Maximum number of steps per runbook: 100.

Maximum execution history retention: 30 days (can be extended by logging to S3 or CloudWatch Logs).

Rate of execution starts: 10 per second per account per region (soft limit).

Troubleshooting

Permission Errors: Check the Automation Assume Role and ensure it has the necessary actions. Also verify the instance profile for SSM Agent commands.

Timeouts: Increase timeoutSeconds or check network connectivity.

Step Failures: Use aws:executeAwsApi with IsOutput to capture error details. Check CloudTrail for API calls.

Best Practices

Use version control for runbook documents (e.g., store in Git and sync to SSM).

Test runbooks in a non-production environment first.

Use approval steps for destructive actions.

Leverage aws:executeAwsApi for custom API calls instead of Lambda for simplicity.

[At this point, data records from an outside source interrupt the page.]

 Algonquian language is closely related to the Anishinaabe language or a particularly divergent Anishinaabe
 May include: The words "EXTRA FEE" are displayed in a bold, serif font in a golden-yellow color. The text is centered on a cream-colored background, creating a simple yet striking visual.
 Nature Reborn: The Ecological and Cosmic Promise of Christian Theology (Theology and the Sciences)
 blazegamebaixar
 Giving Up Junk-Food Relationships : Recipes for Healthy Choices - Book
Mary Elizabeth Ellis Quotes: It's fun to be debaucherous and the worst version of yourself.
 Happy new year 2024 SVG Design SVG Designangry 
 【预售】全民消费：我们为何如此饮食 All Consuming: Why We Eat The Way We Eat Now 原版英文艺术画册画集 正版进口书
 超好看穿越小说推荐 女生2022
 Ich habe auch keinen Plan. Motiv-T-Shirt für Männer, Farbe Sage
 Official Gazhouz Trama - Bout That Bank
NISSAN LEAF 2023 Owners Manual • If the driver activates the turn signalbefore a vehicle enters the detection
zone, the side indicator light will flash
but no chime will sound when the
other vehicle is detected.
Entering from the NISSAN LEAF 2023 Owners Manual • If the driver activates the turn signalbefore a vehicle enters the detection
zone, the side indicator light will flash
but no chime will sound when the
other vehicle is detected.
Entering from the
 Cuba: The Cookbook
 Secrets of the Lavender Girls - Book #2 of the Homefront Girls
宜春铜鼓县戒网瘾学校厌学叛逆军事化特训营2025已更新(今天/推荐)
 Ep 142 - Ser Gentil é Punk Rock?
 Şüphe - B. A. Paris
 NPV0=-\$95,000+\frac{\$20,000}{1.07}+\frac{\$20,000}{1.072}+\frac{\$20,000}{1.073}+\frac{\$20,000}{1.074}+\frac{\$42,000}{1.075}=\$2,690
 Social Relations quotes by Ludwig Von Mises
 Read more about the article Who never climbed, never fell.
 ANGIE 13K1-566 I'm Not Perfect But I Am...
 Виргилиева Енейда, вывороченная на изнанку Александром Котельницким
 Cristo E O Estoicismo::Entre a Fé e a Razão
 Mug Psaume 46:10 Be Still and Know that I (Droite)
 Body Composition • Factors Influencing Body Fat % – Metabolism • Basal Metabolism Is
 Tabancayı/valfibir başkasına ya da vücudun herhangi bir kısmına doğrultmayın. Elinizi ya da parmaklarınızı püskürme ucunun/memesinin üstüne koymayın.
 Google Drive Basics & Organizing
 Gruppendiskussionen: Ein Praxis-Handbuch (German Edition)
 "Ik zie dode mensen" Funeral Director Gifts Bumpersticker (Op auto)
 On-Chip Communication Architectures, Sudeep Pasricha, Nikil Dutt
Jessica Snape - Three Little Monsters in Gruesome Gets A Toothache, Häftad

Tag runbook executions for cost tracking and filtering.

Walk-Through

1

Create or Select Runbook

The first step is to either use an AWS-provided runbook (e.g., AWS-RunPatchBaseline) or create a custom one. Custom runbooks are written in YAML or JSON with schemaVersion 0.3. You define parameters that users can input when starting execution, and mainSteps that list the actions to perform. The runbook is stored as a Systems Manager Document. When creating a custom runbook, you must specify the document type as 'Automation'. The document content includes metadata like description and assumeRole (optional). You can also use the AWS Management Console to create or import runbooks.

2

Configure Execution Details

When starting an Automation execution, you must specify the document name, parameters, and targets (if applicable). You can target instances by tags, resource groups, or individual instance IDs. You also define the Automation Assume Role — an IAM role that Automation will assume to perform actions. Optionally, you can set rate control parameters: maxConcurrency (how many instances to process simultaneously) and maxErrors (how many errors to tolerate before stopping). For approval steps, you can set the number of approvers needed and the timeout for approval.

3

Execution Begins and Steps Run

Once started, the Automation service reads the runbook and begins executing steps sequentially. For each step, the service uses the Assume Role to call the specified AWS API or send a command via SSM Agent. If the step targets EC2 instances, the SSM Agent on each instance executes the command and returns output. Steps can include conditional branching (aws:branch) to choose different paths based on previous step outputs. The service tracks each step's status and logs all actions to CloudTrail. If a step fails, the onFailure setting determines behavior: Abort stops execution, Continue skips the step, or roll back to a previous step.

4

Approval Step (if present)

If the runbook includes an aws:approve step, execution pauses and waits for a user to approve or deny via the AWS Management Console, CLI, or SDK. The approver must have the appropriate IAM permissions (ssm:UpdateAutomationExecution). The step can require a single approver or multiple approvers. A timeout can be set; if no decision is made within the timeout, the step can be set to fail or continue automatically. Once approved, execution resumes with the next step. This is commonly used before destructive actions like instance termination or AMI deletion.

5

Execution Completes and Logs

After all steps have executed (or failed/stopped), the execution enters a final state: Success, Failed, TimedOut, or Cancelled. The execution history, including inputs, outputs, and step statuses, is retained for 30 days by default. You can view details in the Systems Manager console or via CLI (get-automation-execution). All API calls made by Automation are logged in CloudTrail, providing an audit trail. You can also configure Automation to send execution logs to CloudWatch Logs or S3 for longer retention. Failed executions can be analyzed to identify the failing step and error message.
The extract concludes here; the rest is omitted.